Agreed. Although I am similarly scathing of the Shoreditch stereotypes, the concept of selling over-priced gourmet hotdogs to them is not a terrible one in my opinion. It was mainly the delivery of it that was flawed (late in setting up the stall and unappealing-looking product). Just cos Sugar wouldnt buy it, doesnt mean you couldnt make money flogging them to Nathan Barleys or for that matter anyone with a few quid in their pocket out on a dinner break. 

p.s. is anyone else getting pissed off hearing the word 'strategy' because of the apprentice? Its massively overused by people trying to dismiss others while appearing clever themselves.


----------



## BoxRoom (Oct 15, 2014)

Really enjoyed shouting at the telly again last night. Another one on tonight I think?


----------



## Awesome Wells (Oct 15, 2014)

I don't think he's long for the series. The guy has an attitude that won't wash with Lord Sweetner.


----------



## weltweit (Oct 15, 2014)

Watching this program makes me cross but then I realise how lucky I am, 30 years working in businesses and I hardly ever come across wankers of such arrogance in the real world!


----------



## purenarcotic (Oct 15, 2014)

maomao said:


> Sugar's a fucking cock. Rolling his eyes at the fellow who said he'd been doing social work in the Arctic circle. Is the whole population of the world now supposed to model themselves on barrow-boy made good entrepreneurs? Where are all the doctors and engineers going to come from? Let alone people with normal jobs. I'd happily slice the cunt to pieces with a rusty butter knife.



In fairness, the social worker doesn't appear to know what reflective practice or reflective thinking is (in the build up he has come out with gems that basically equate to him saying 'I'm perfect'.  That being quite an important aspect of social work, I have rolled my eyes at him plenty.


----------



## starfish (Oct 15, 2014)

maomao said:


> Sugar's a fucking cock. Rolling his eyes at the fellow who said he'd been doing social work in the Arctic circle. Is the whole population of the world now supposed to model themselves on barrow-boy made good entrepreneurs? Where are all the doctors and engineers going to come from? Let alone people with normal jobs. I'd happily slice the cunt to pieces with a rusty butter knife.
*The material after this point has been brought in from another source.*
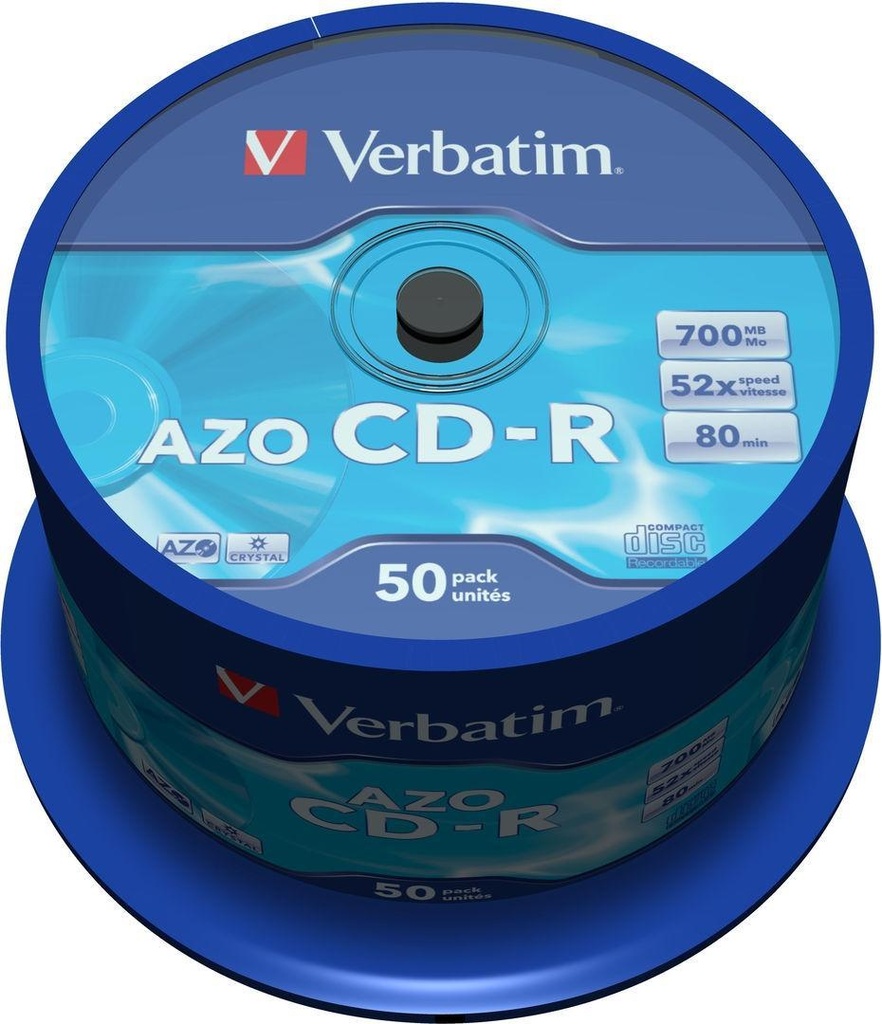 CD-ROM VERBATIM 700MB 52x SPINDLE 50 SUPERFICIE CRISTAL SUPER AZO (Incluye Canon LPI de 4.00 €)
Hes also a cock for not knowing you dont penguins in the Arctic.


----------



## maomao (Oct 15, 2014)

purenarcotic said:


> In fairness, the social worker doesn't appear to know what reflective practice or reflective thinking is (in the build up he has come out with gems that basically equate to him saying 'I'm perfect'.  That being quite an important aspect of social work, I have rolled my eyes at him plenty.


Of course he's a cock, he's a contestant on the apprentice.


----------



## madamv (Oct 15, 2014)

Ooh just watched ep 1.   Love Stephen!  He was quite right on more than one occasion.  

What's with the female can't remember her name, who wanted everyone to wear their best make up, hoik up their skirts and chop lemons.   What a twat


----------



## Sweet FA (Oct 15, 2014)

Shocking loss of bottle from the big lad there.


----------



## tommers (Oct 15, 2014)

How do these people not know what "tenacity" or "decadence" mean?  They're supposed to be fucking prodigies.


----------



## weltweit (Oct 15, 2014)

tommers said:


> How do these people not know what "tenacity" or "decadence" mean?  They're supposed to be fucking prodigies.


Where exactly did it say there are supposed to be prodigies?


----------



## magneze (Oct 15, 2014)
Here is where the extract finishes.